• Work required
Look in the data below for the line that has "Used 2025 MAZDA", then print exactly every line from there through the line that has "343 Racquet Club Road - Photo 7", leaving pictures out.
Data extract Start Marker
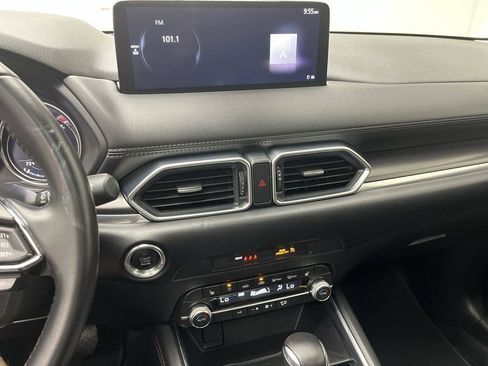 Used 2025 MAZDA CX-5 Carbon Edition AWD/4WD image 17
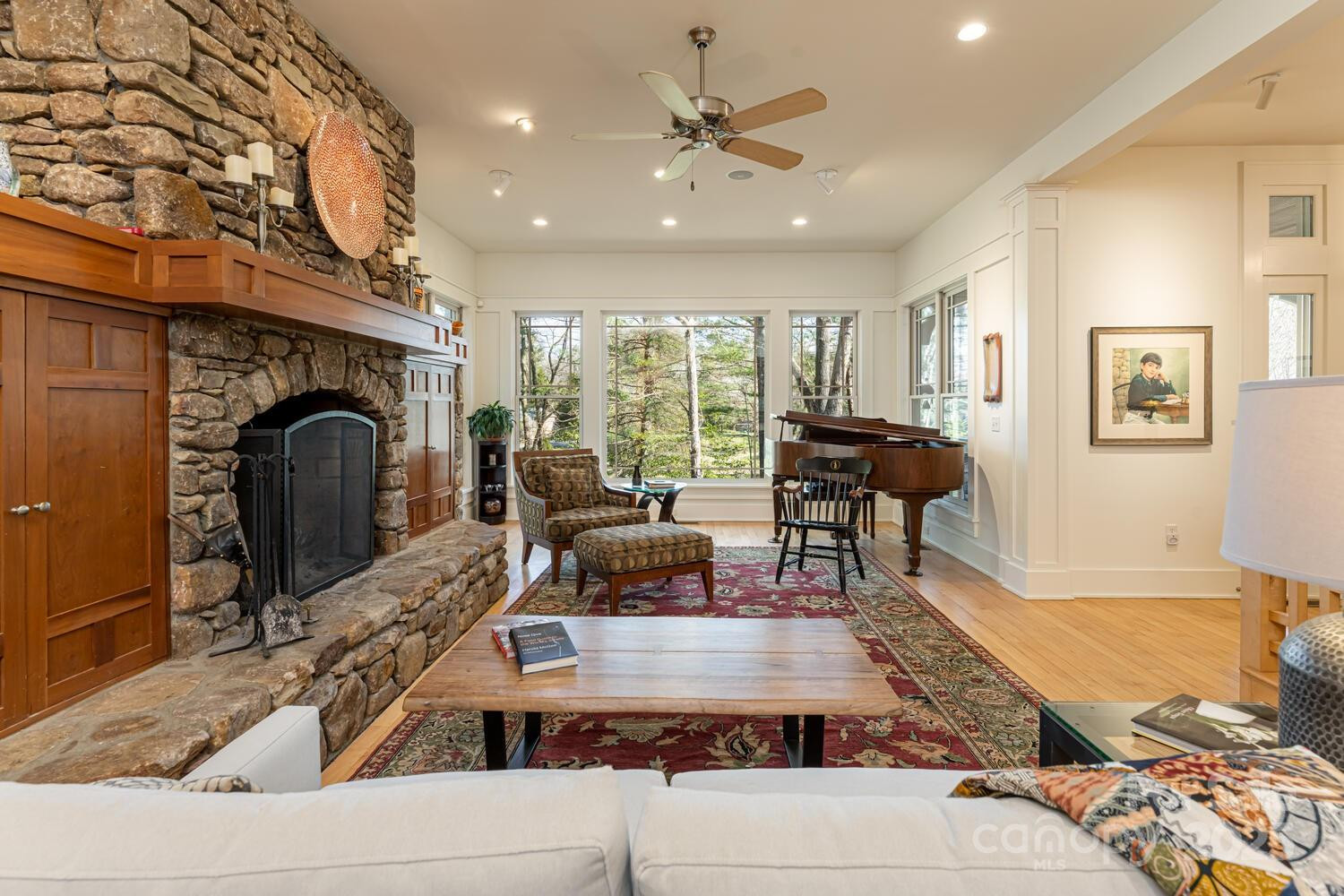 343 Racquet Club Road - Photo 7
Data extract End Marker
Data extract Start Marker
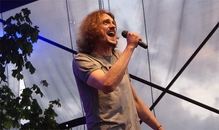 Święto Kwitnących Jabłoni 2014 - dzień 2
Data extract End Marker
• Task solution
 Used 2025 MAZDA CX-5 Carbon Edition AWD/4WD image 17
 343 Racquet Club Road - Photo 7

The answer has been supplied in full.